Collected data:
▬▬▬▬▬▬
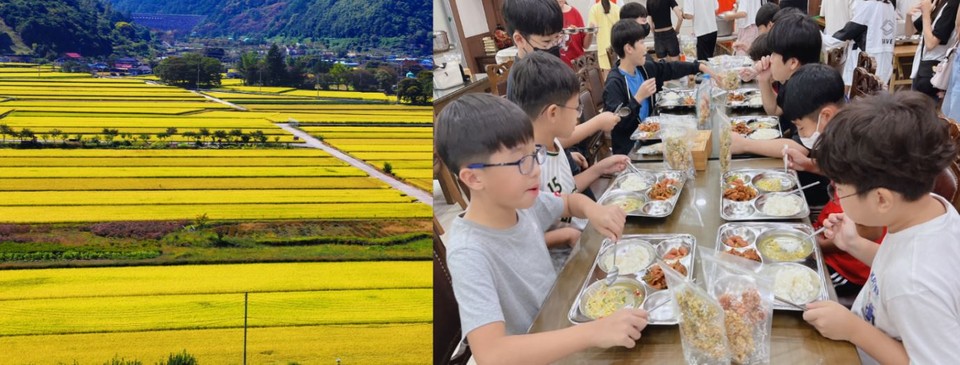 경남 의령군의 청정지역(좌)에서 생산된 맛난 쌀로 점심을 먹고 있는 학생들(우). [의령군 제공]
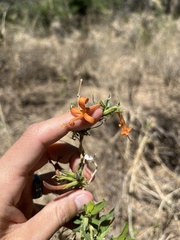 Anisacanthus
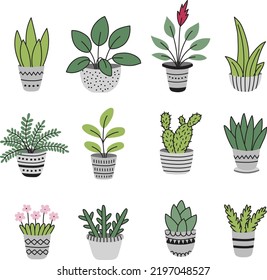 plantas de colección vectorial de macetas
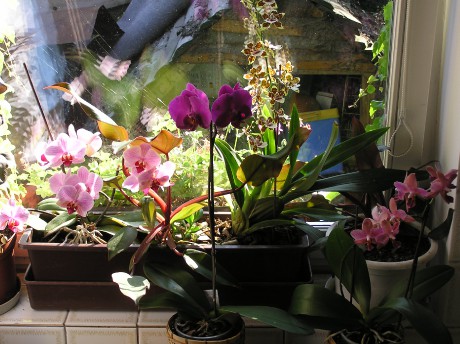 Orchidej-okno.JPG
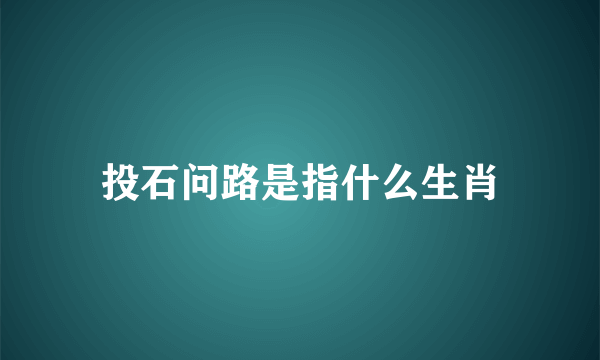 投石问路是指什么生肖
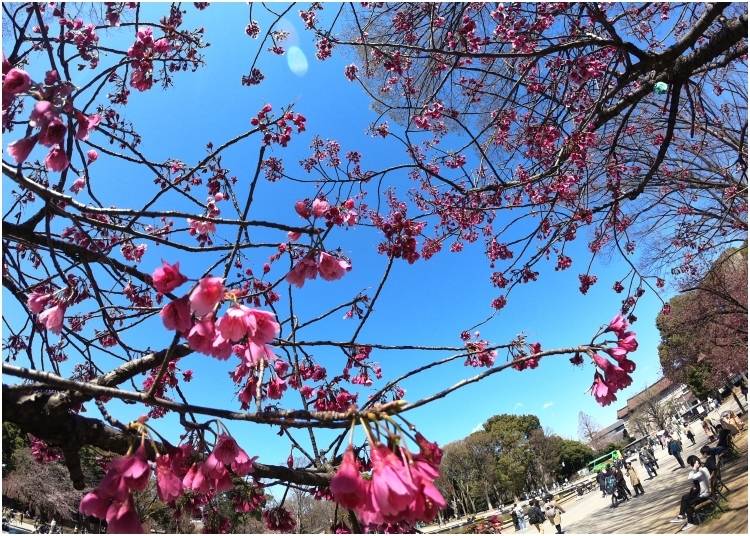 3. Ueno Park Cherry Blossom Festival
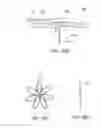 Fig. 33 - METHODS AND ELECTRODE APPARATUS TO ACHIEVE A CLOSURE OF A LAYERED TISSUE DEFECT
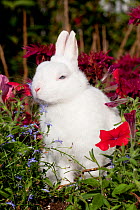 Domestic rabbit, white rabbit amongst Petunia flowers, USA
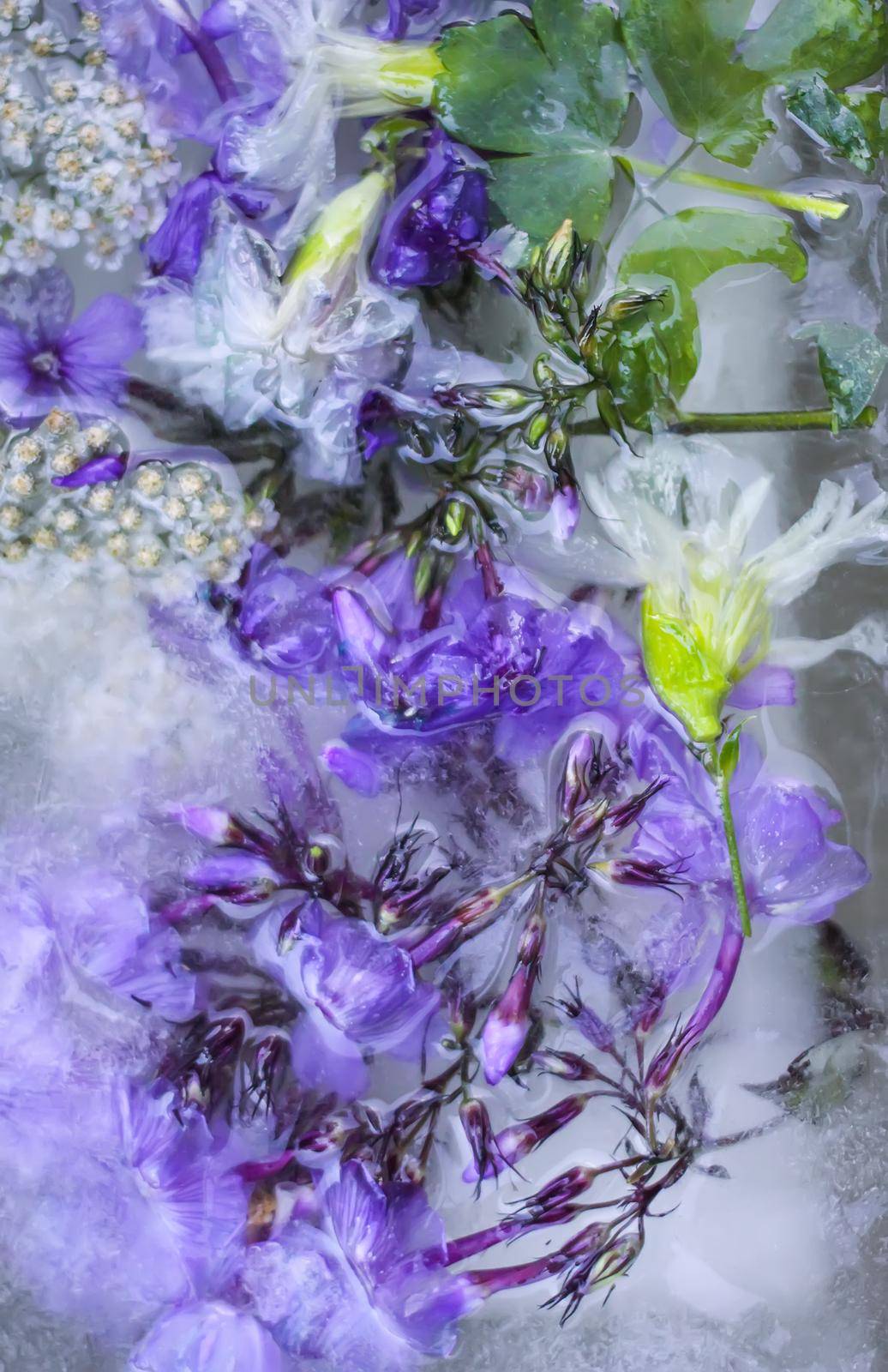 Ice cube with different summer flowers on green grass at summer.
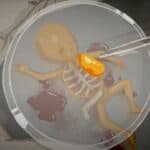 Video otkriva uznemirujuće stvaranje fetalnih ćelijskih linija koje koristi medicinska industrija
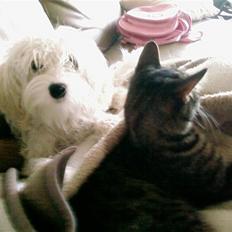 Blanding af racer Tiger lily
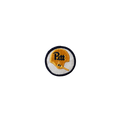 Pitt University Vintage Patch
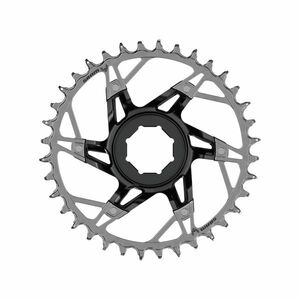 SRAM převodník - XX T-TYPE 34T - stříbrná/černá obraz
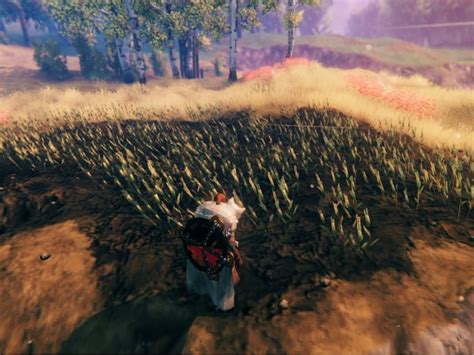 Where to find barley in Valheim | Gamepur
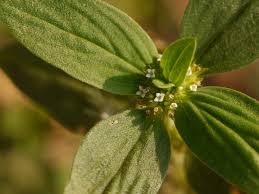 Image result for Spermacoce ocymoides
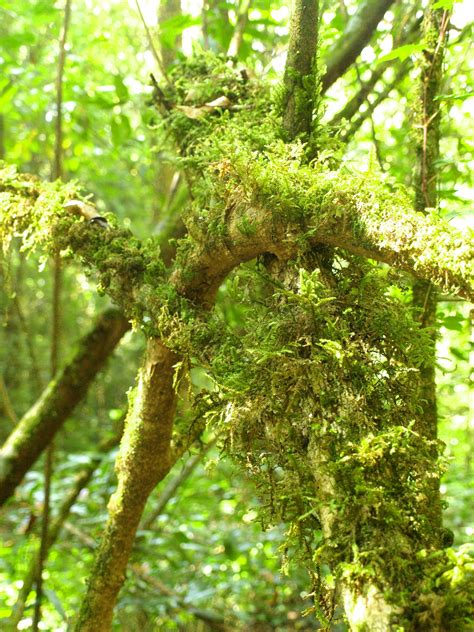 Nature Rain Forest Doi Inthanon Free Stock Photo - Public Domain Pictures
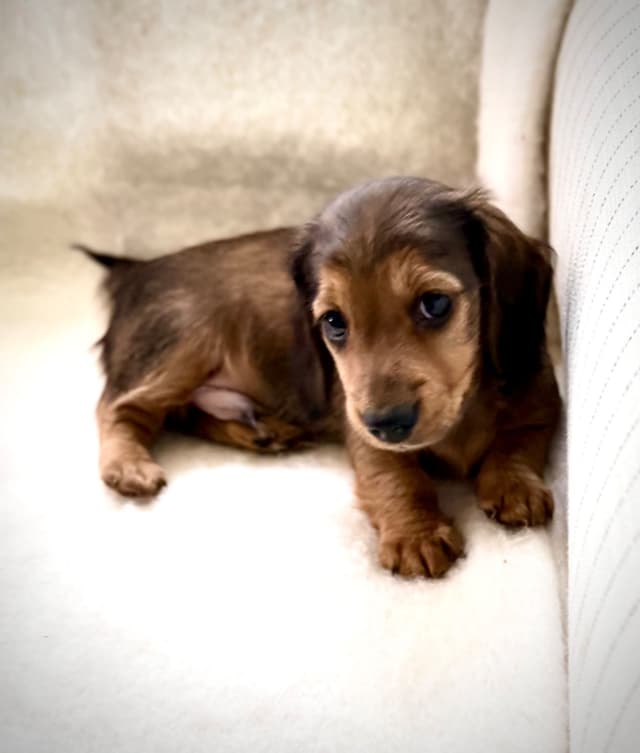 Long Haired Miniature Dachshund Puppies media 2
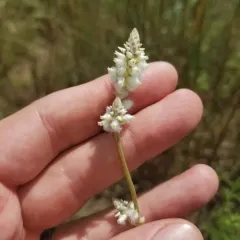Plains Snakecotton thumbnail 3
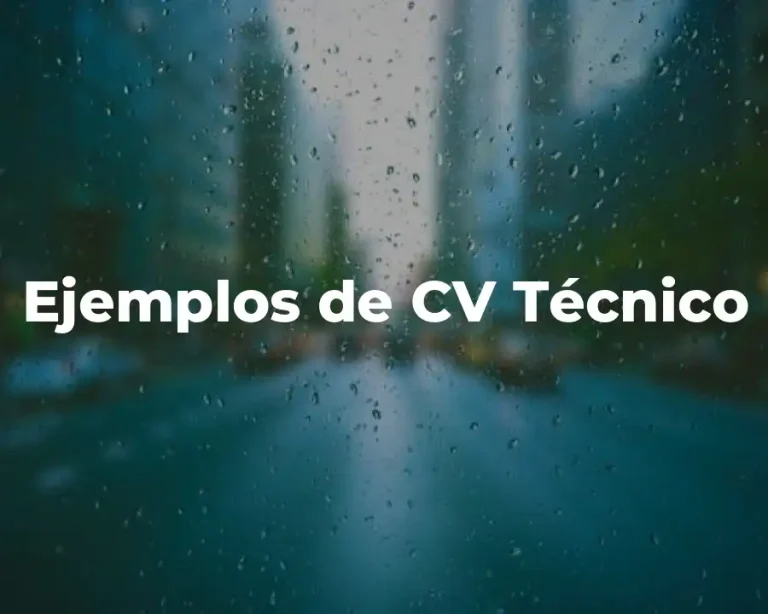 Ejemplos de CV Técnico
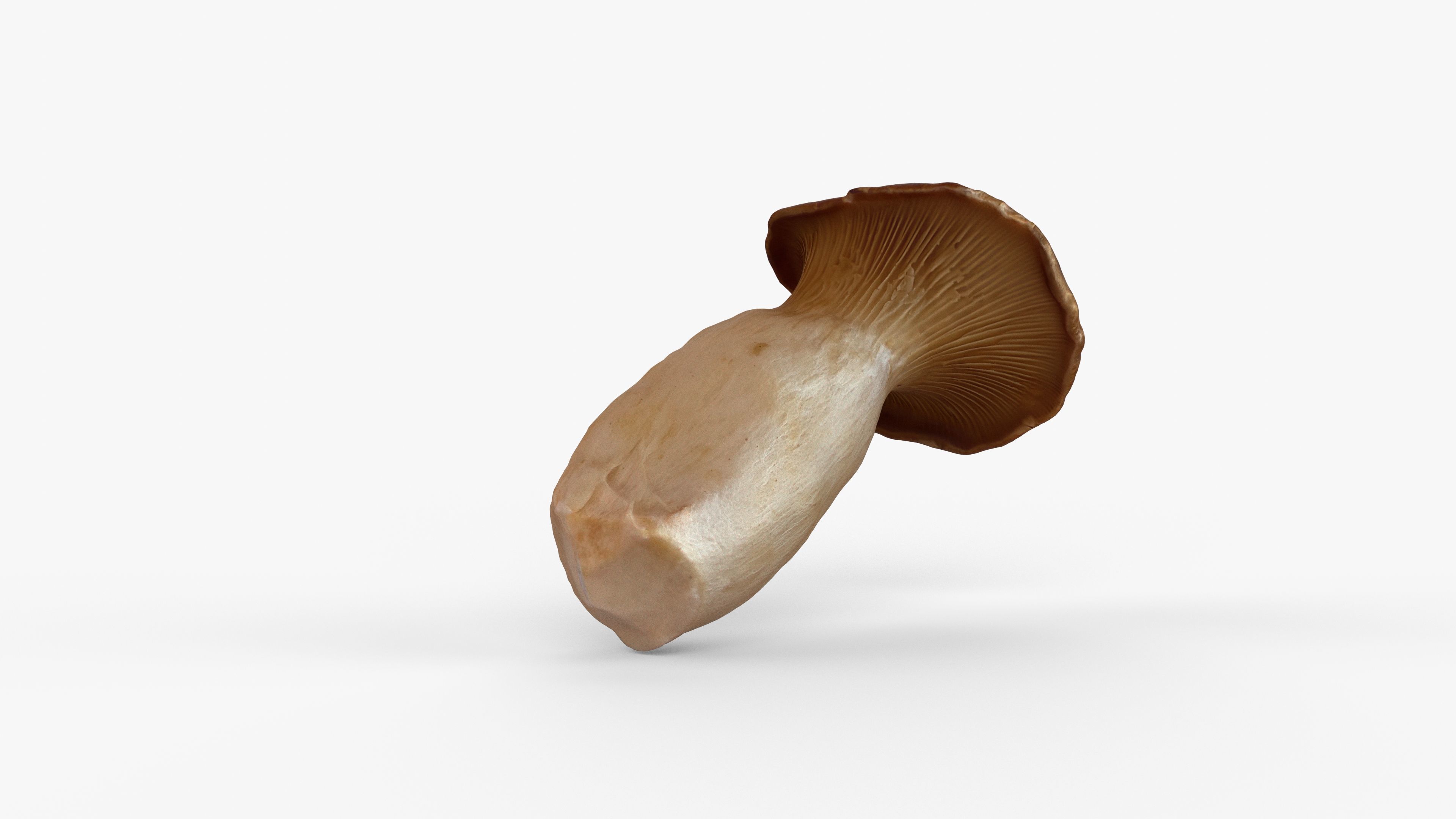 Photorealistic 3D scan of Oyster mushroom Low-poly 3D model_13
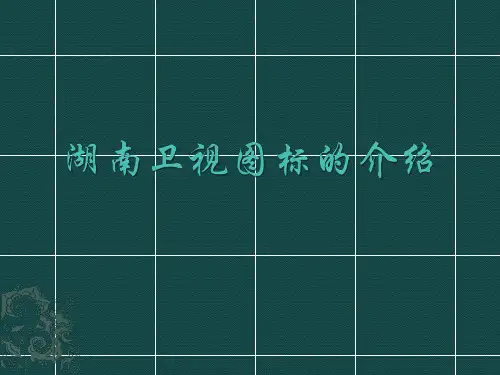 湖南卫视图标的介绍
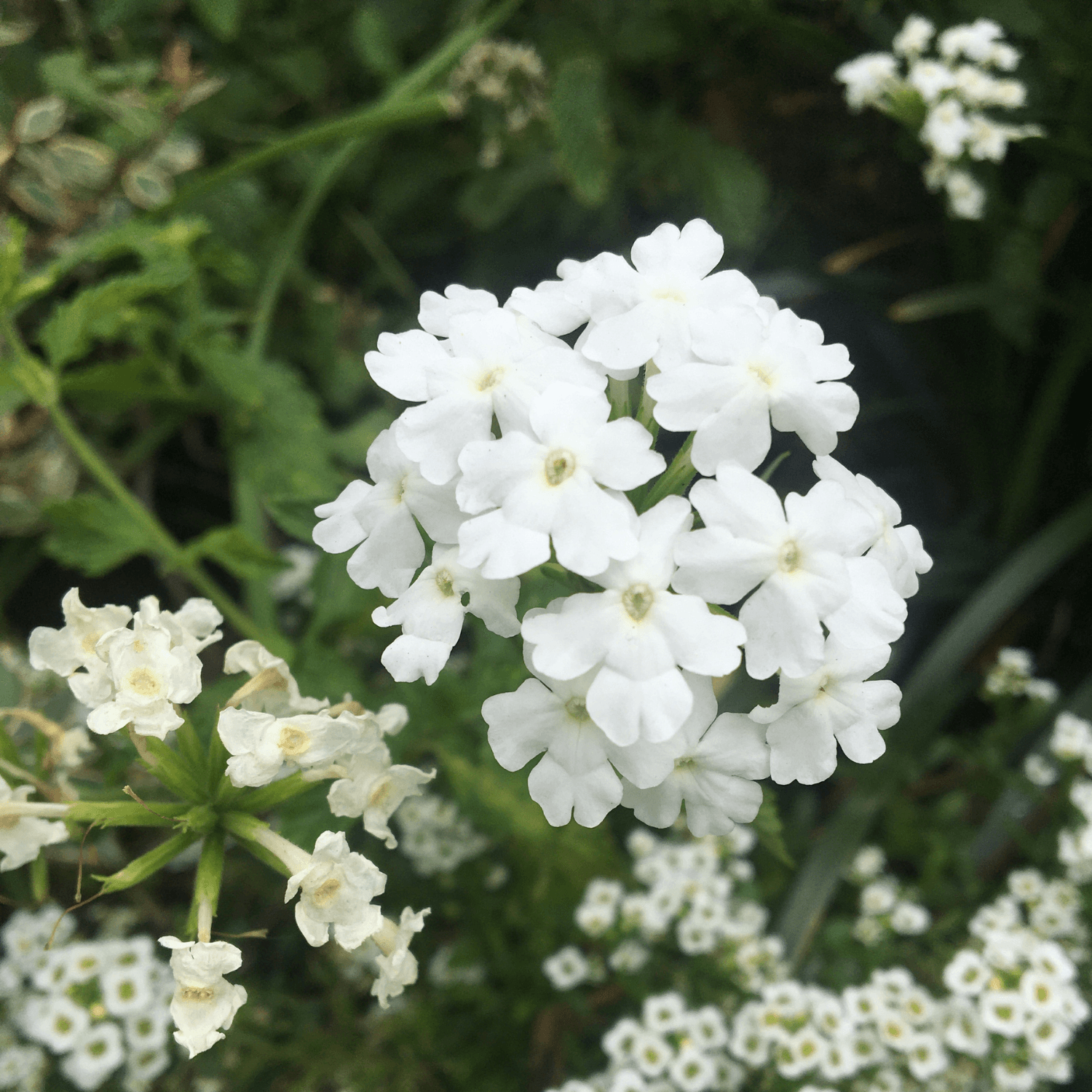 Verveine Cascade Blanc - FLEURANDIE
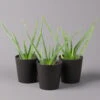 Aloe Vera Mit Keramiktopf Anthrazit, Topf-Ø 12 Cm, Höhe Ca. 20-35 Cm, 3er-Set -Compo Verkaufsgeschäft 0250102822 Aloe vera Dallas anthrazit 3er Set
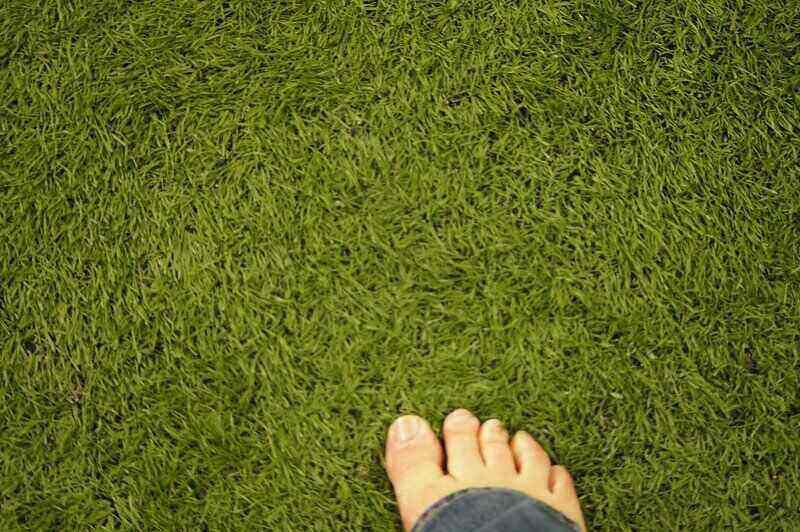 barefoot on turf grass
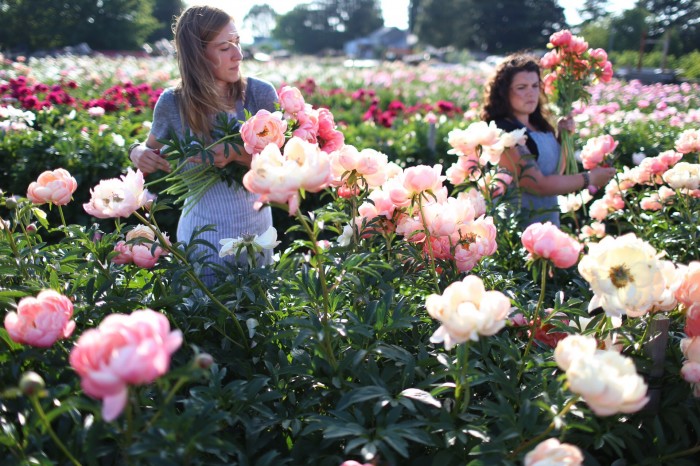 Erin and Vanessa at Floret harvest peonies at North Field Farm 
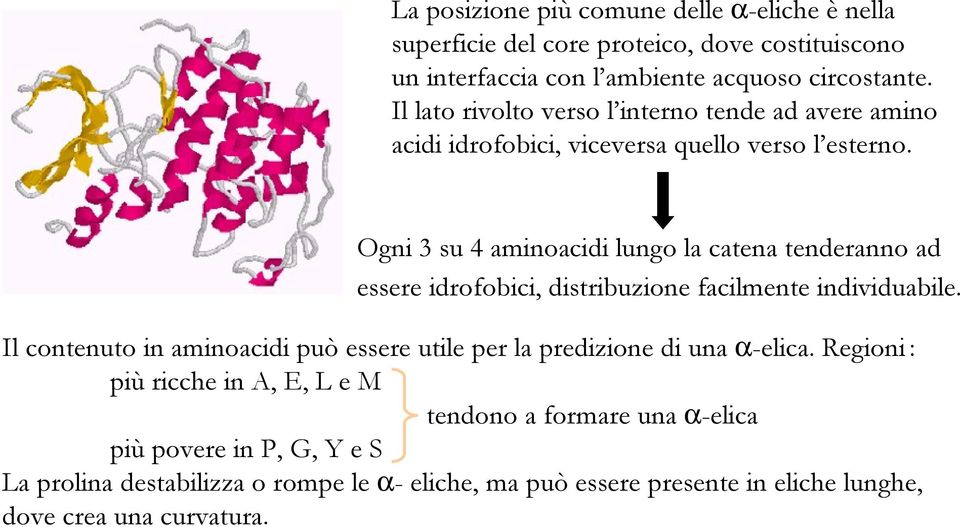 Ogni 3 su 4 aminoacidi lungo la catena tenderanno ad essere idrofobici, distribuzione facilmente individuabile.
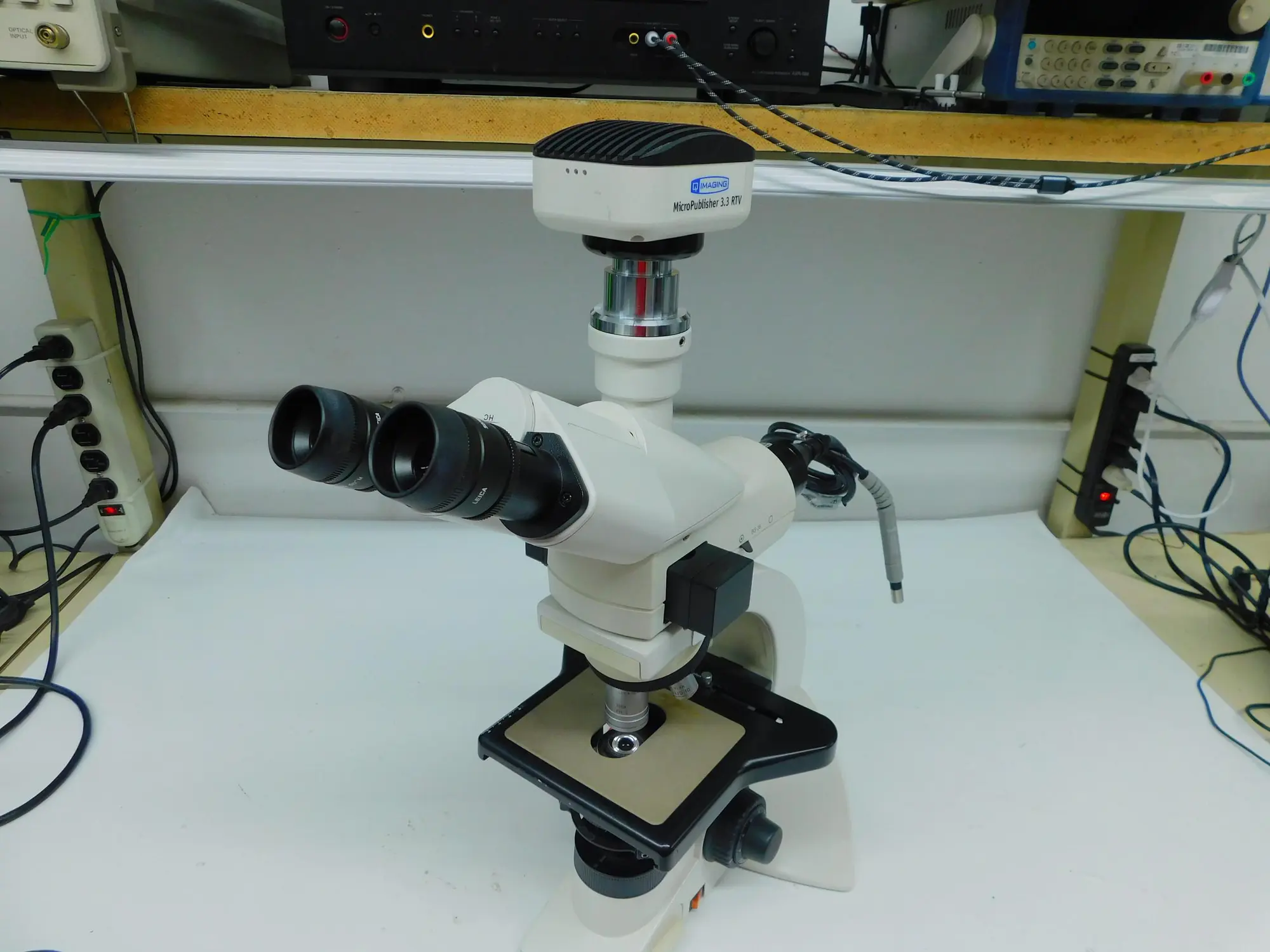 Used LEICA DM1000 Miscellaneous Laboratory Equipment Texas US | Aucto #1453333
▬▬▬▬▬▬
Task goal:
Your copy should match the entries above exactly and contain no pictures.

Written reply:
 경남 의령군의 청정지역(좌)에서 생산된 맛난 쌀로 점심을 먹고 있는 학생들(우). [의령군 제공]
 Anisacanthus
 plantas de colección vectorial de macetas
 Orchidej-okno.JPG
 投石问路是指什么生肖
 3. Ueno Park Cherry Blossom Festival
 Fig. 33 - METHODS AND ELECTRODE APPARATUS TO ACHIEVE A CLOSURE OF A LAYERED TISSUE DEFECT
 Domestic rabbit, white rabbit amongst Petunia flowers, USA
 Ice cube with different summer flowers on green grass at summer.
 Video otkriva uznemirujuće stvaranje fetalnih ćelijskih linija koje koristi medicinska industrija
 Blanding af racer Tiger lily
 Pitt University Vintage Patch
 SRAM převodník - XX T-TYPE 34T - stříbrná/černá obraz
 Where to find barley in Valheim | Gamepur
 Image result for Spermacoce ocymoides
 Nature Rain Forest Doi Inthanon Free Stock Photo - Public Domain Pictures
 Long Haired Miniature Dachshund Puppies media 2
Plains Snakecotton thumbnail 3
 Ejemplos de CV Técnico
 Photorealistic 3D scan of Oyster mushroom Low-poly 3D model_13
 湖南卫视图标的介绍
 Verveine Cascade Blanc - FLEURANDIE
 Aloe Vera Mit Keramiktopf Anthrazit, Topf-Ø 12 Cm, Höhe Ca. 20-35 Cm, 3er-Set -Compo Verkaufsgeschäft 0250102822 Aloe vera Dallas anthrazit 3er Set
 barefoot on turf grass
 Erin and Vanessa at Floret harvest peonies at North Field Farm 
 Ogni 3 su 4 aminoacidi lungo la catena tenderanno ad essere idrofobici, distribuzione facilmente individuabile.
 Used LEICA DM1000 Miscellaneous Laboratory Equipment Texas US | Aucto #1453333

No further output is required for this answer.